#### Problem description
Exclude the images and transcribe the entries below precisely.

#### Material provided
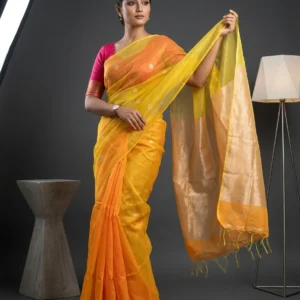 Tangerine Soft Silk Saree with Yellow Muslin Drape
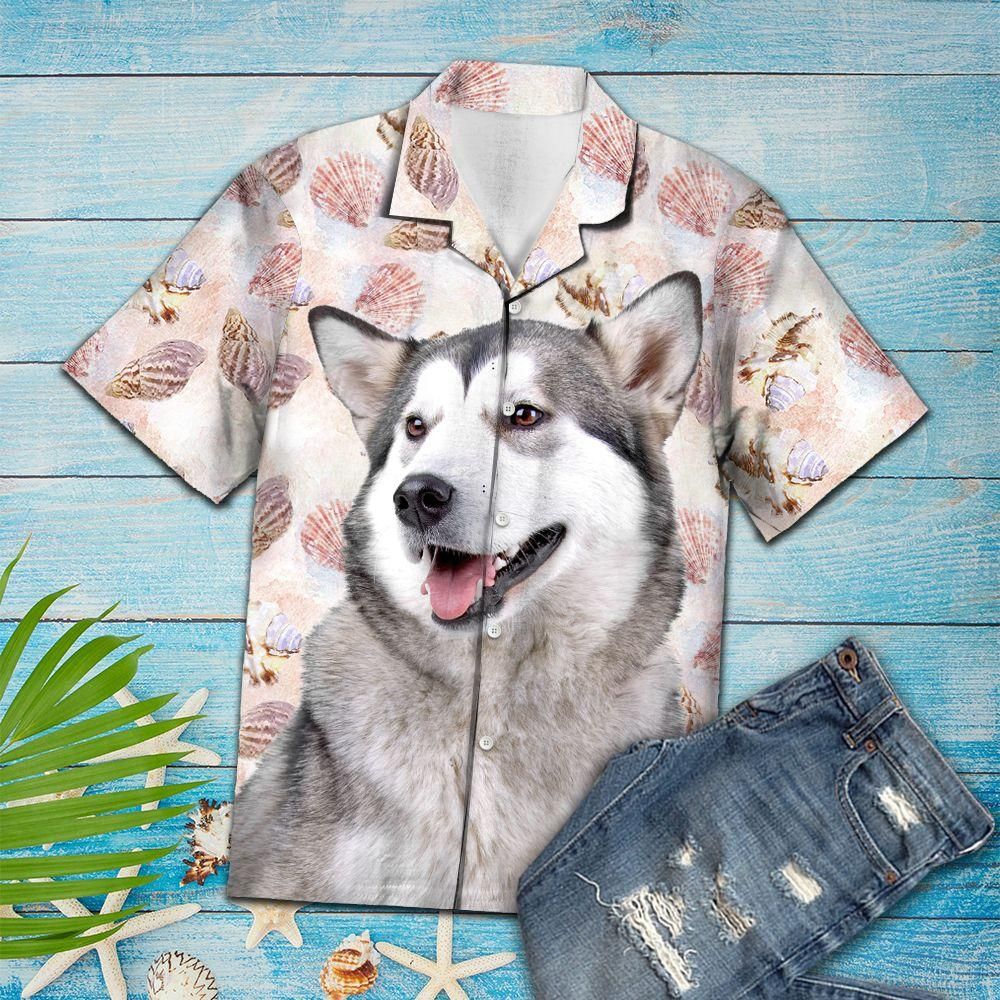 Aloha Shirt Seashells And Cute Alaskan Malamute Hawaii Ha50228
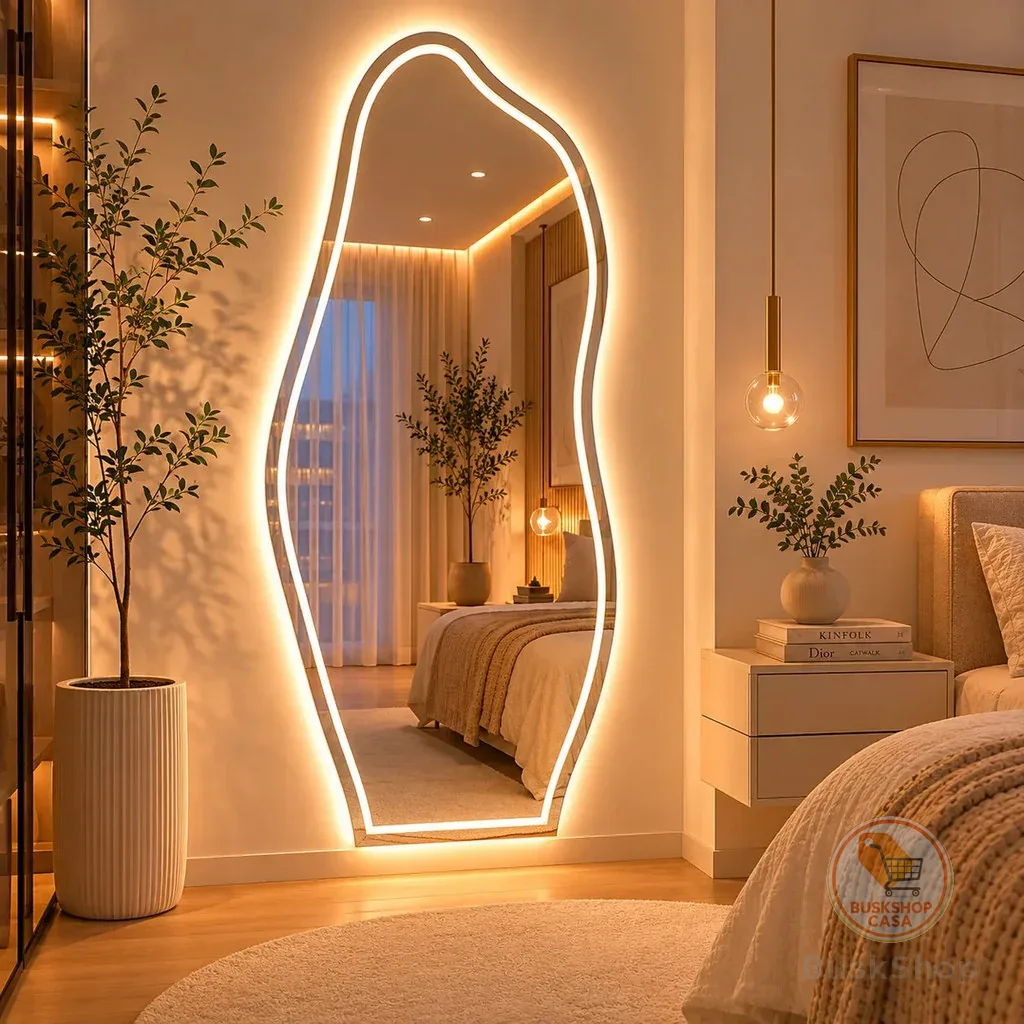 Espelho Grande Com Led Forte de 3 Cores e Botão Touch Jateado 90x40 Banheiro Quarto Sala Premium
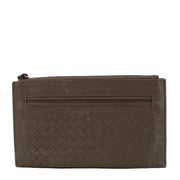 Bottega Veneta Brown Intrecciato Zipped Pouch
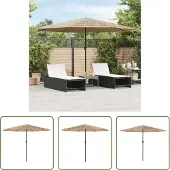 The Living Store Sonnenschirm mit Stahlmast Braun 388x388x248 cm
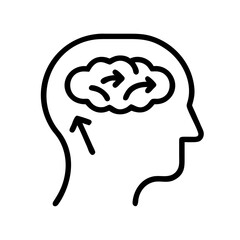 Obraz premium Mental confusion concept illustration with brain in profile view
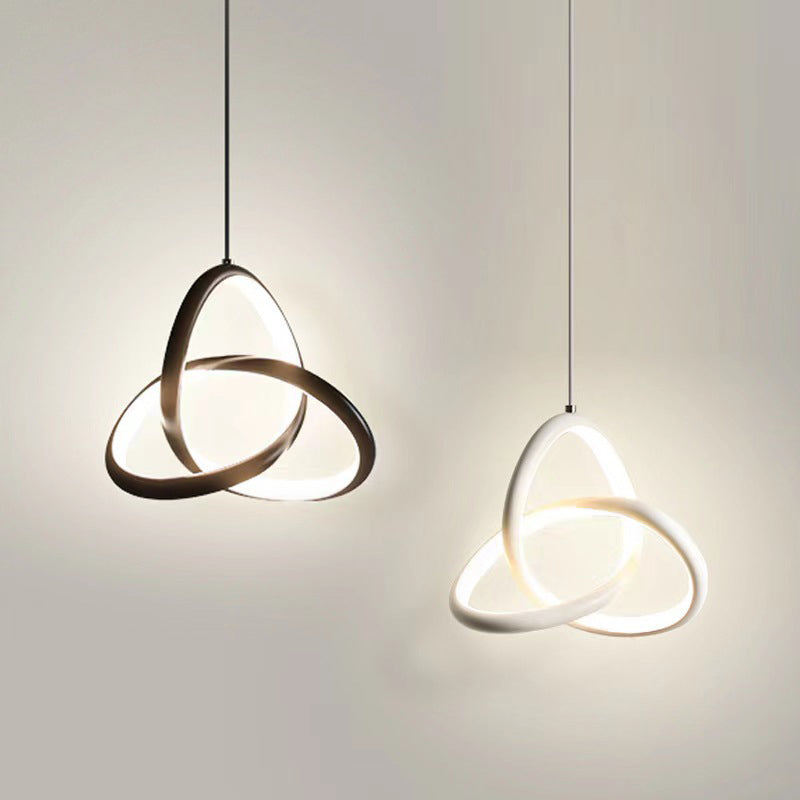 Moderne Nordic Aluminium Eisen Silica Geometrische Verflochten Ring LED Pendelleuchte Für 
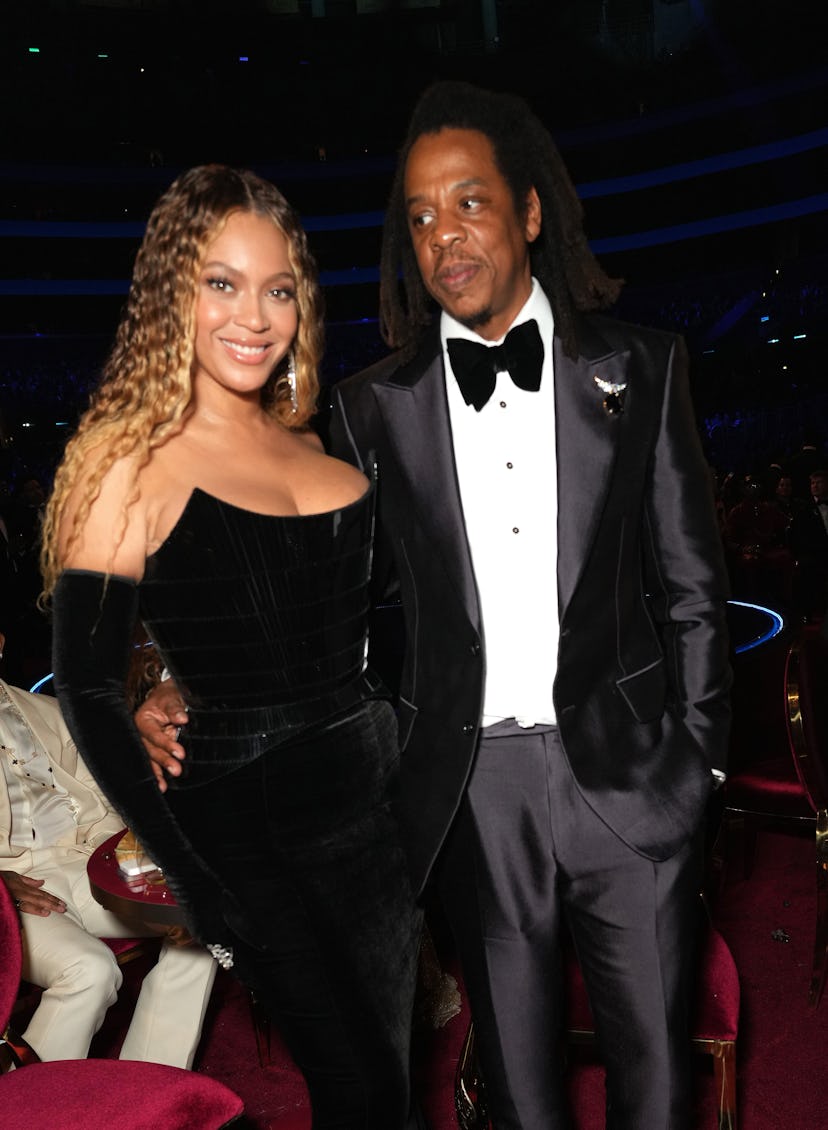 LOS ANGELES, CALIFORNIA - FEBRUARY 05: (L-R) Beyoncé and Jay-Z attend the 65th GRAMMY Awards at Cryp...
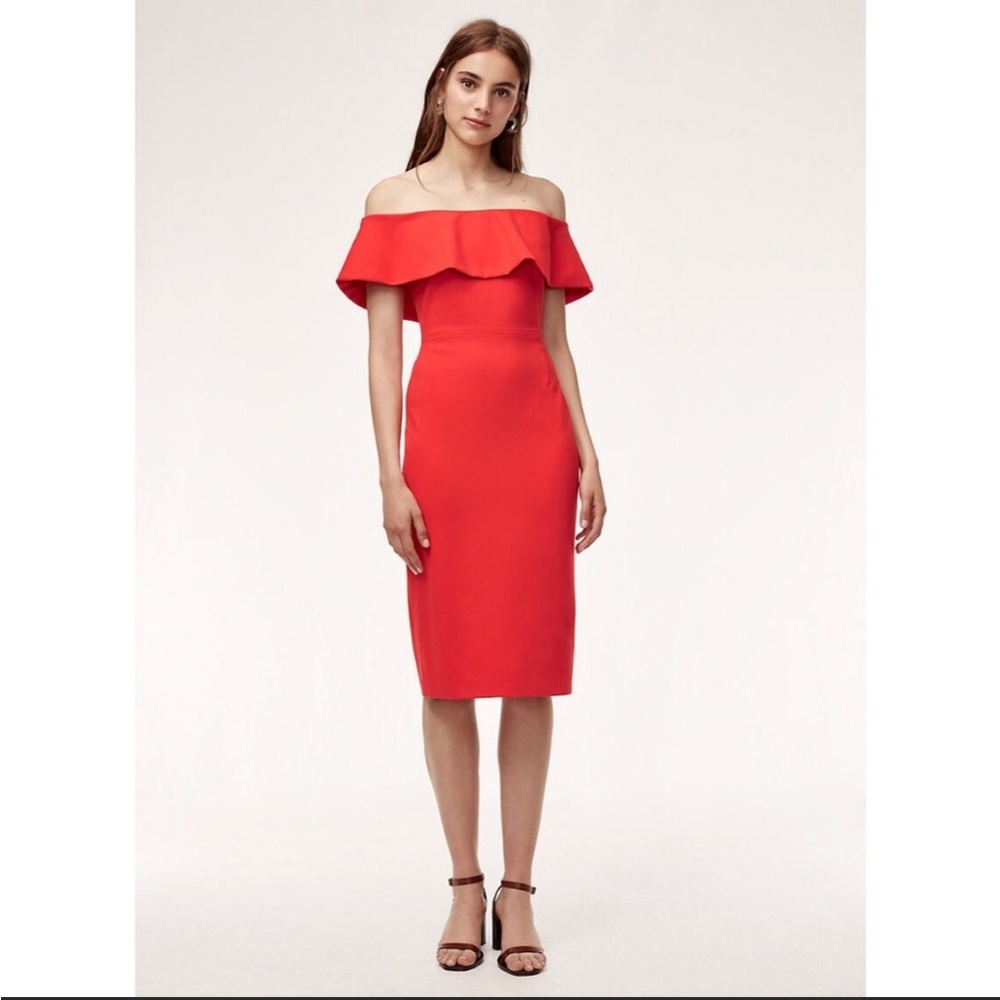 Babaton Ruslan Off Shoulder Midi Dress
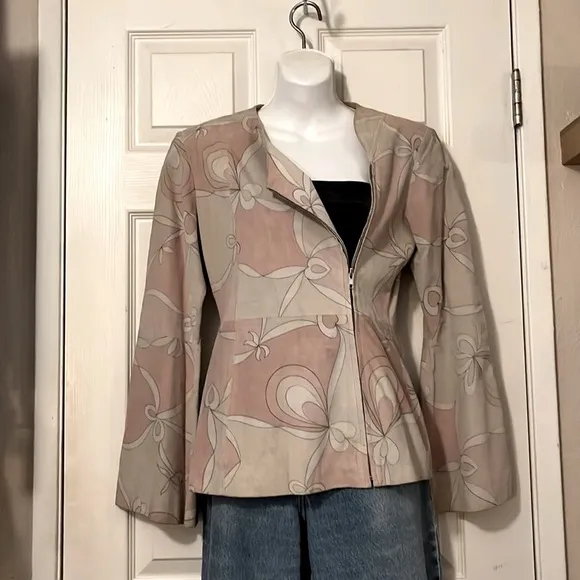 B lucid ltd Vintage Suede Leather Aysemmetrical Flare Sleeve Boho Zipper Jacket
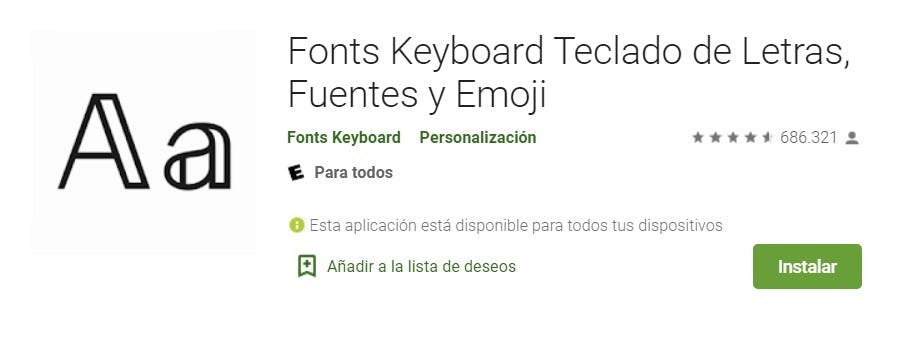 Teclado con nuevas fuentes para Instagram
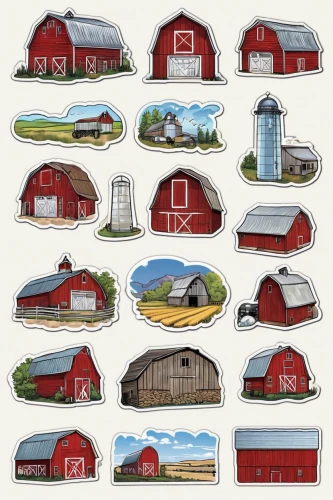 houses clipart,farms,barns,farm set,sheds,red barn,farm background,farm animals,round barn,quilt barn,farmlands,hay farm,retro 1950's clip art,scrapbook clip art,farmstead,clipart sticker,farm pack,bunting clip art,farm landscape,farm,Unique,Design,Sticker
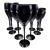 Vintage Black Crystal Stemware Service (Set of 9) For Sale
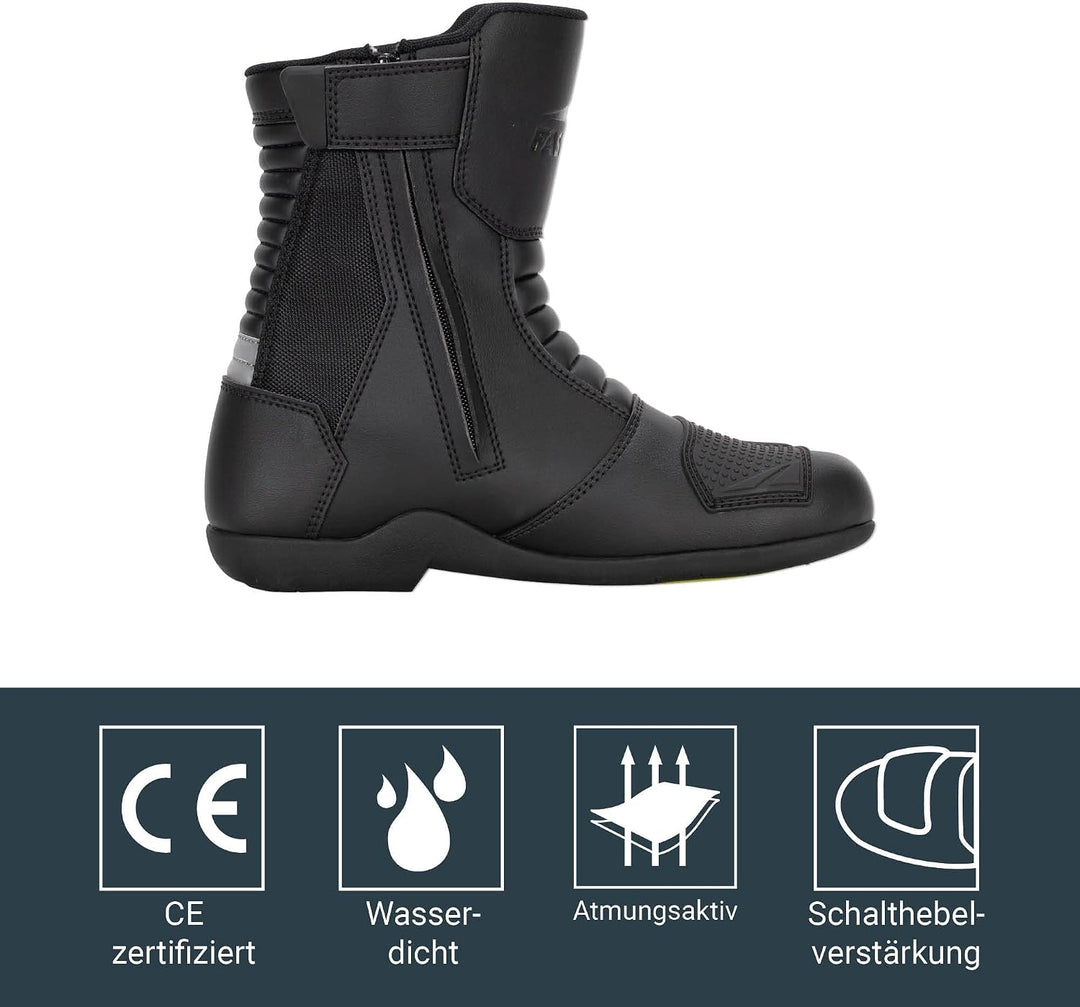Fastway FTS-1 WP Motorradschuhe, CE Zertifiziert, Wasserdichte Motorradstiefel, Atmungsaktive Motorr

#### Result of this task
 Tangerine Soft Silk Saree with Yellow Muslin Drape
 Aloha Shirt Seashells And Cute Alaskan Malamute Hawaii Ha50228
 Espelho Grande Com Led Forte de 3 Cores e Botão Touch Jateado 90x40 Banheiro Quarto Sala Premium
 Bottega Veneta Brown Intrecciato Zipped Pouch
 The Living Store Sonnenschirm mit Stahlmast Braun 388x388x248 cm
 Obraz premium Mental confusion concept illustration with brain in profile view
 Moderne Nordic Aluminium Eisen Silica Geometrische Verflochten Ring LED Pendelleuchte Für 
 LOS ANGELES, CALIFORNIA - FEBRUARY 05: (L-R) Beyoncé and Jay-Z attend the 65th GRAMMY Awards at Cryp...
 Babaton Ruslan Off Shoulder Midi Dress
 B lucid ltd Vintage Suede Leather Aysemmetrical Flare Sleeve Boho Zipper Jacket
 Teclado con nuevas fuentes para Instagram
 houses clipart,farms,barns,farm set,sheds,red barn,farm background,farm animals,round barn,quilt barn,farmlands,hay farm,retro 1950's clip art,scrapbook clip art,farmstead,clipart sticker,farm pack,bunting clip art,farm landscape,farm,Unique,Design,Sticker
 Vintage Black Crystal Stemware Service (Set of 9) For Sale
Fastway FTS-1 WP Motorradschuhe, CE Zertifiziert, Wasserdichte Motorradstiefel, Atmungsaktive Motorr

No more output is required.